Wszystkie elementy konstrukcyjne za wyjątkiem magnetowodu powinny być wykonane z materiałów obojętnych magnetycznie. Tylko magnetowód jest ferromagnetykiem, jest wykonany z odpowiednio uformowanych pasków, blaszek z miękkiej stali.
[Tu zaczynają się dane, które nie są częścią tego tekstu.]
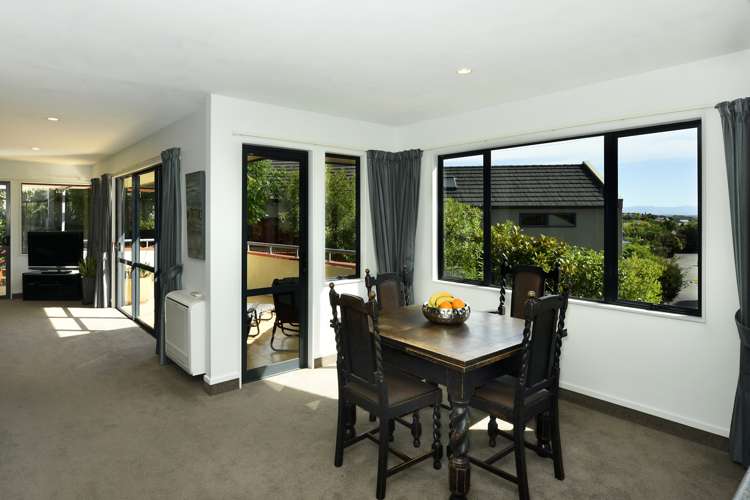 19 Idesia Grove Richmond_8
Automatyczny wyłącznik pokazany na rys.1 wyłącza rozrusznik dokładnie w chwili, gdy silnik samochodu zaczyna pracować, pomimo tego, że wyłącznik w stacyjce jest jeszcze w pozycji rozruchu.
Obrazek Obrazek

Włączenie zasilania (stacyjka w pozycji rozruchu) powoduje ładowanie kondensatora C1 przez rezystor R1 oraz diodę D1 i dodatkowo rezystor R4.
Stała czasowa tych elementów wynosi około 0,2 sek. Kondensator C1 „stanowi zwarcie” (ładując się przewodzi prąd), bramka tranzystora T1 podłączona do masy przez diodę D1 i ładujący się kondensator C1, tranzystor T1 przewodzi, zostaje włączony elektromagnes rozrusznika, i swoim stykiem włączy rozrusznik na czas około 0,2 sek. Jest to czas nie wystarczający do uruchomienia silnika samochodu, ale w zupełności wystarczający do włączenia rozrusznika.
Bardzo duży prąd pobierany przez rozrusznik w chwili włączenia, oraz kręcenia wału korbowego wytwarza wokół przewodu zasilającego pole magnetyczne. Na przewodzie zasilającym rozrusznik jest zamontowany magnetowód w postaci dwóch stalowych blaszek. W szczelinie magnetowodu umieszczony czujnik Halla (układ scalony US1). Duże pole magnetyczne wokół przewodu w czasie rozruchu powoduje przewodzenie tranzystora T wewnątrz czujnika Halla, przewodzący tranzystor T podtrzymuje przewodzenie tranzystora T1 zwierając jego bramkę przez rezystor R2 do masy. Jednocześnie dioda D1 zostaje zatkana, a kondensator C1 doładowuje się do pełnego ładunku przez rezystor R4 i "tworzy przerwę" (zakończone ładowanie oznacza brak przepływu prądu). Gdy po pewnym czasie np. 1,5 sek. silnik samochodu zostanie uruchomiony, rozrusznik zaczyna pracować na biegu jałowym, jego pobór prądu gwałtownie maleje, maleje pole magnetyczne wokół przewodu, tranzystor T w czujniku Halla przestaje przewodzić, tranzystor T1 też przestaje przewodzić, bo jego bramka odłączona od masy, naładowany kondensator C1 nie wpływu na układ ("stanowi przerwę"), rozrusznik wyłączony pomimo tego, że stacyjka znajduje się w pozycji rozruchu.
Po wyłączeniu zasilania kluczykiem (styk R), kondensator C1 szybko rozładowuje się przez diodę D2 oraz rezystory R4 i R3, układ gotowy do ponownego cyklu rozruchu.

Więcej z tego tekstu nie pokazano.